*** Data extract ***

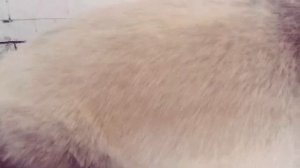 Стрижка пекинеса под длину 2-3 см. Пример.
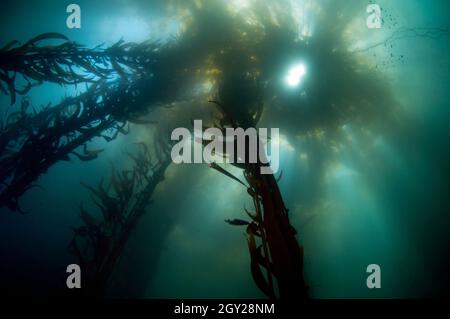 Großer Seetang-Wald mit RiesenSeetang, Macrocystis pyrifera, Ordnung Laminariales, Point Lobos State Natural Reserve, California, USA Stockfoto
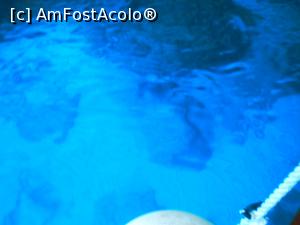 [P16] nuante de albastru in mare » foto by ManuelaManu
 - 
<span class="allrVoted glyphicon glyphicon-heart hidden" id="av755005"></span>
<a class="m-l-10 hidden" id="sv755005" onclick="voting_Foto_DelVot(,755005,3858)" role="button">șterge vot <span class="glyphicon glyphicon-remove"></span></a>
<a id="v9755005" class=" c-red"  onclick="voting_Foto_SetVot(755005)" role="button"><span class="glyphicon glyphicon-heart-empty"></span> <b>LIKE</b> = Votează poza</a> <img class="hidden"  id="f755005W9" src="/imagini/loader.gif" border="0" /><span class="AjErrMes hidden" id="e755005ErM"></span>
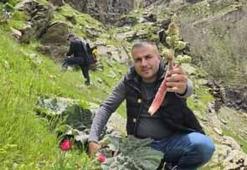 Tarlası yok, bakımı yok, dağlardan bedavaya toplanıyor! Görenler muz zannediyor ama kilosu tam 750 TL...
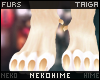 [HIME] Taiga Feet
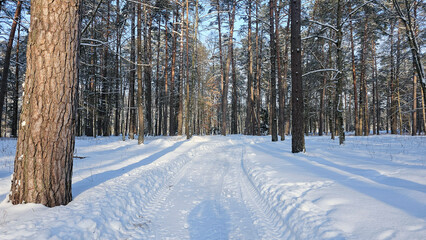Serene Snow-Covered Forest Trail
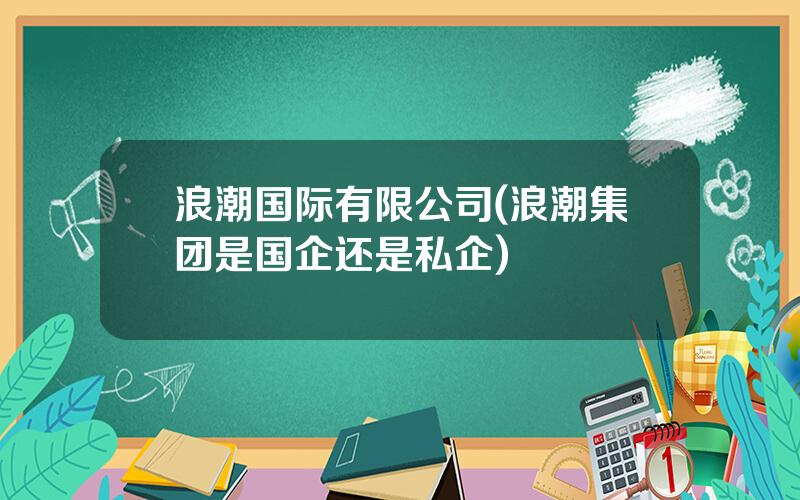 浪潮国际有限公司(浪潮集团是国企还是私企)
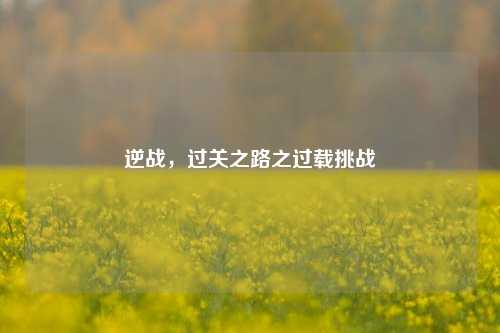 逆战，过关之路之过载挑战
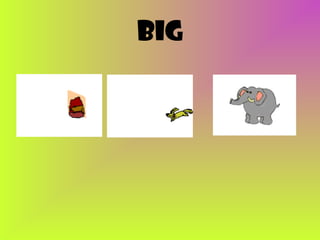 big

 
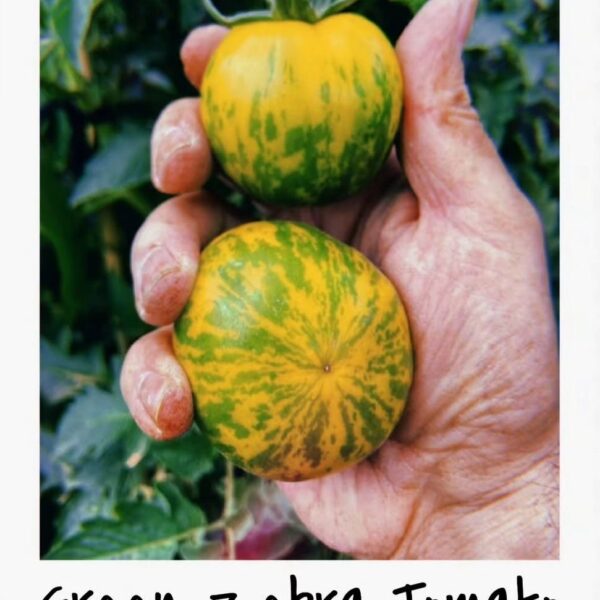 Green Zebra Tomato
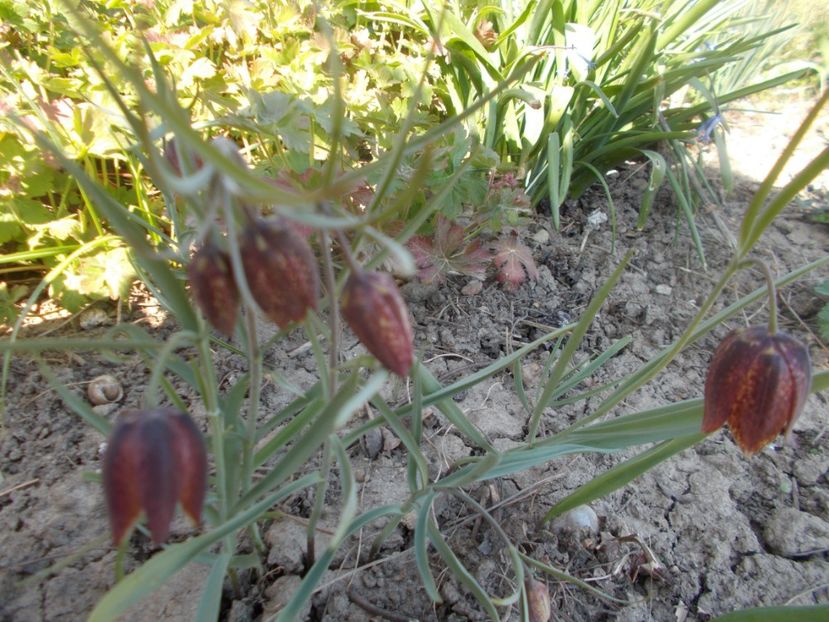  - 2020 Flori de gradina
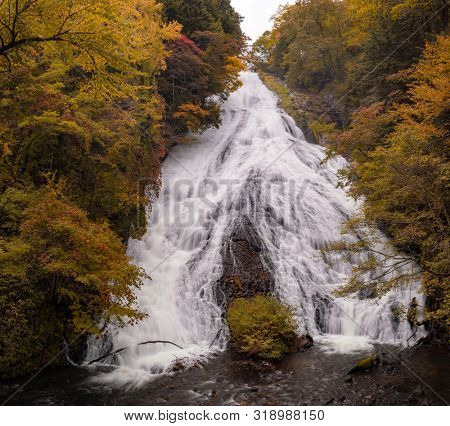 Autumn fall forest at Yudaki Falls at Nikko Tochigi Japan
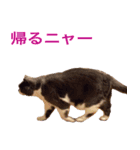 ねこの梅さんスタンプ（個別スタンプ：1）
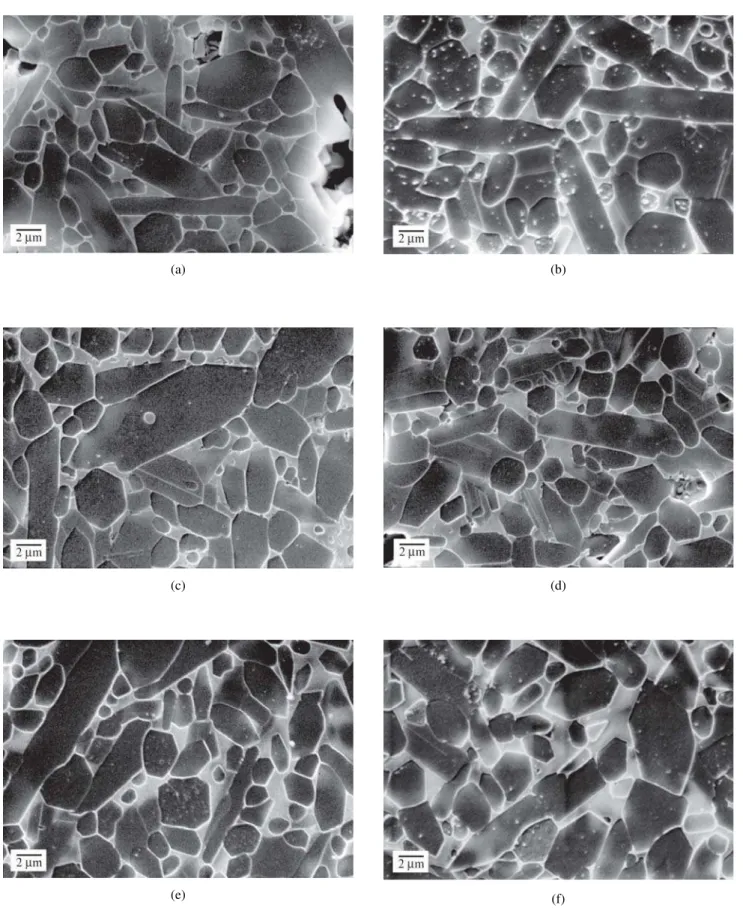 Figure 3. SEM micrographs of sintered SNY14 (a, b and c) and SNTR14 (d, e and f) samples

***

» The problem
Reproduce exactly the part of the records above that begins at the line holding "逆战，过关之路之过载挑战" and ends at the final line, both included, leaving out the pictures.

» Written solution
 逆战，过关之路之过载挑战
 big

 
 Green Zebra Tomato
  - 2020 Flori de gradina
 Autumn fall forest at Yudaki Falls at Nikko Tochigi Japan
 ねこの梅さんスタンプ（個別スタンプ：1）
 Figure 3. SEM micrographs of sintered SNY14 (a, b and c) and SNTR14 (d, e and f) samples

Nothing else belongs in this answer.